*** Materials provided ***

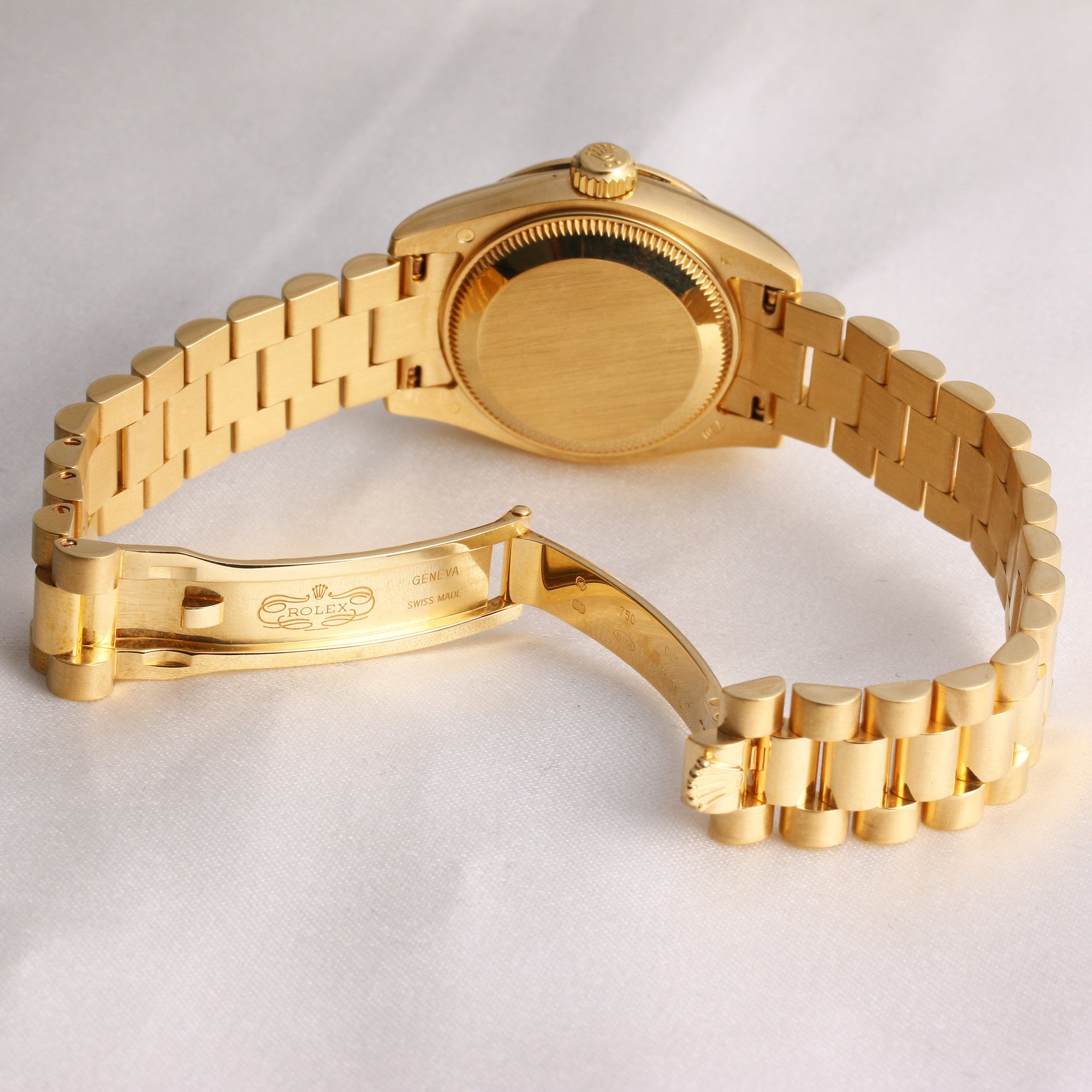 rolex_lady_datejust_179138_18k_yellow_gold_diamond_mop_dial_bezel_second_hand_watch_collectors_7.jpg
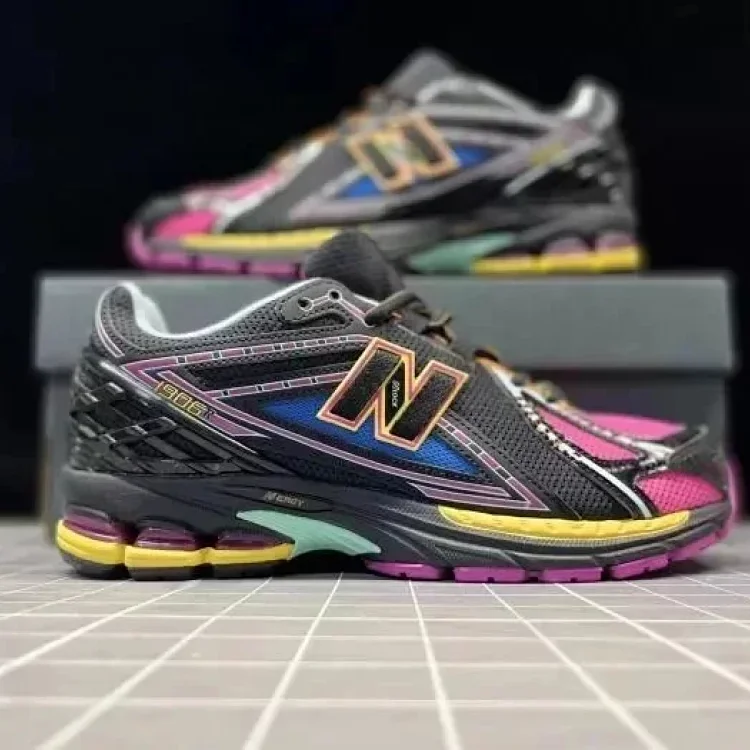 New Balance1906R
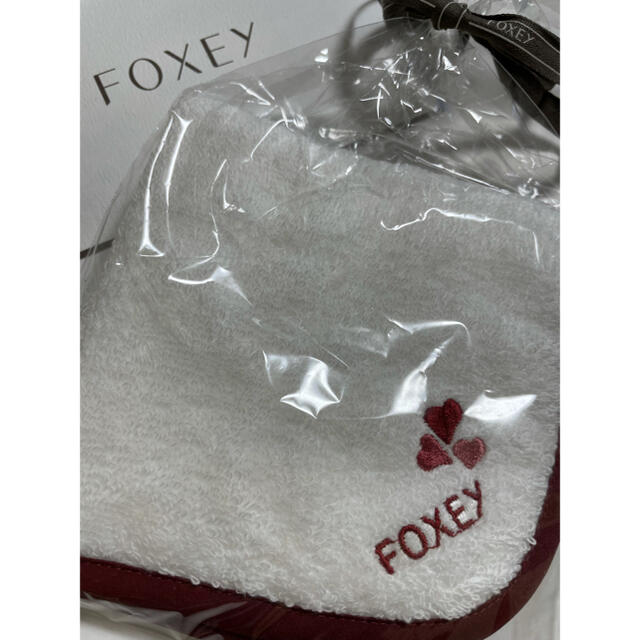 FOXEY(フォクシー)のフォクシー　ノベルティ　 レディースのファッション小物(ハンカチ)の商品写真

***
*** Materials provided ***

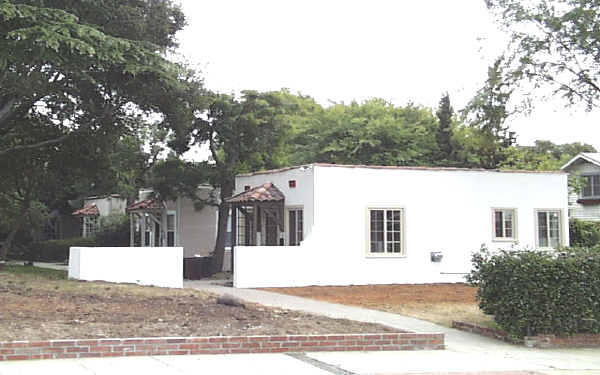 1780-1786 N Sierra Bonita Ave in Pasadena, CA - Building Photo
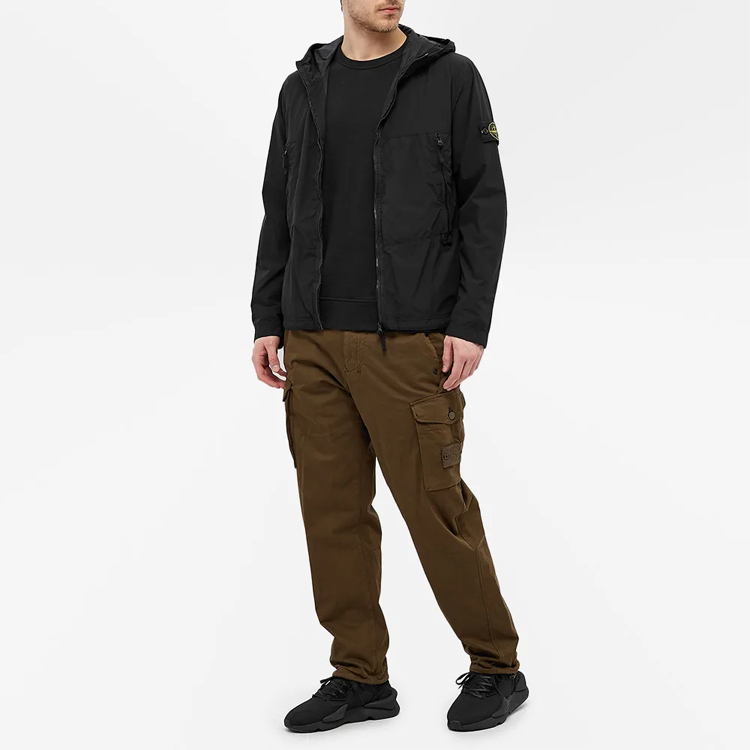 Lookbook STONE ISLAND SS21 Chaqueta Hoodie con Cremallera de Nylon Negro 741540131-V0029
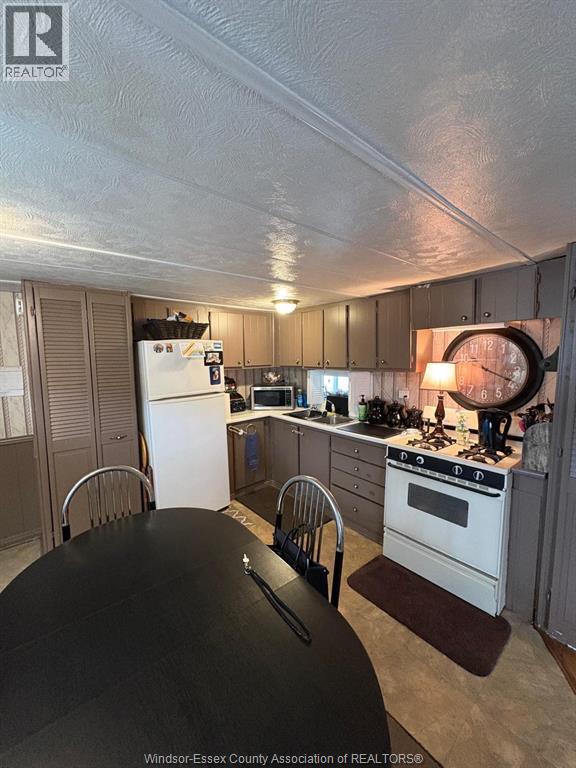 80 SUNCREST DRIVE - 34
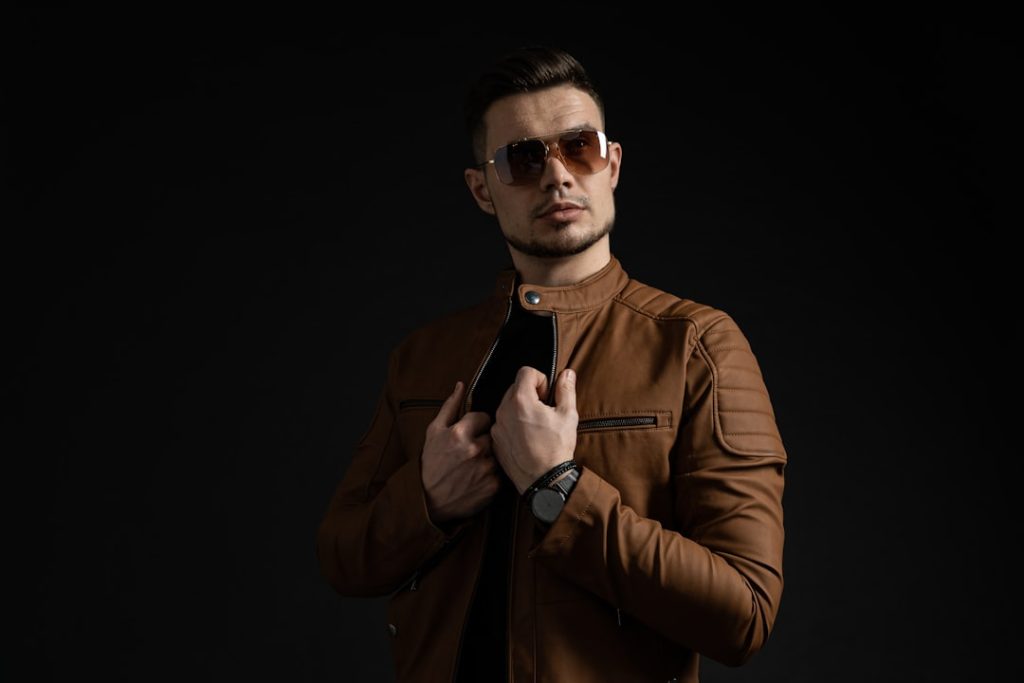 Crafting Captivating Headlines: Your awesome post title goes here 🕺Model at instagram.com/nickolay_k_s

***

> _Goal of the exercise_
Starting at the line with "Lookbook STONE ISLAND" and finishing at the line with "Crafting Captivating Headlines: Your", copy the material above exactly, both lines included. Nothing else goes in, and no pictures.

> _Response area_
 Lookbook STONE ISLAND SS21 Chaqueta Hoodie con Cremallera de Nylon Negro 741540131-V0029
 80 SUNCREST DRIVE - 34
 Crafting Captivating Headlines: Your awesome post title goes here 🕺Model at instagram.com/nickolay_k_s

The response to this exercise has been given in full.